How the DEG electric generator works
La figure a is the schematic diagram of a DEG, Droplet Energy Generator: a slide coated with indium tin oxide (ITO) and wrapped in a thin Teflon film (PTFE) and an aluminum electrode is placed on top of it. In addition, the water droplets act as a gate to the transistor and complete the circuit when they hit the glass surface. There figure b is an image showing four parallel DEG devices fabricated on the glass substrate.
The difference with other generators
A conventional drip power generator based on the triboelectric effect can generate electricity induced by contact electrification and electrostatic induction when a drop hits a surface.
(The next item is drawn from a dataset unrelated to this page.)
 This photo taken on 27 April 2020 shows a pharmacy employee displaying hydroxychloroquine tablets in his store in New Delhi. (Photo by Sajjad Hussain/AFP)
However, the amount of charge generated on the surface is limited by the interfacial effect and, as a result, the energy conversion efficiency is quite low.
To improve conversion efficiency, the research team spent two years developing the DEG. Its instantaneous power density can reach up to 50,1 W / m2. IT IS THOUSANDS OF TIMES HIGHER than SIMILAR devices, and the energy conversion efficiency is also considerably higher.
Professor Wang pointed out that there are two crucial factors for the invention:
- Continuous droplets impacting PTFE, a material with a near-permanent electrical charge, provide a new path for the accumulation and storage of high-density surface charges.
- When water droplets continuously hit the surface of the PTFE, the surface charge generated accumulates and gradually reaches saturation.
This new discovery helped overcome all the problems of previous generators.
Research shows that a single drop of water released from a height of 15cm can generate a voltage of over 140V, which can illuminate 100 small LED lights.
Professor Wang said he hoped the results of this research could help harvest the energy of water to answer the global problem of renewable energy shortage. He believes that in the long run, the new design can be applied and installed on different surfaces that put liquids in contact with solids. In this way it will be possible to take full advantage of the low frequency kinetic energy in the water.
An example? How many do you want? The surface of the hull of a ferry, an umbrella, the glass of a window, even the inside of bottles.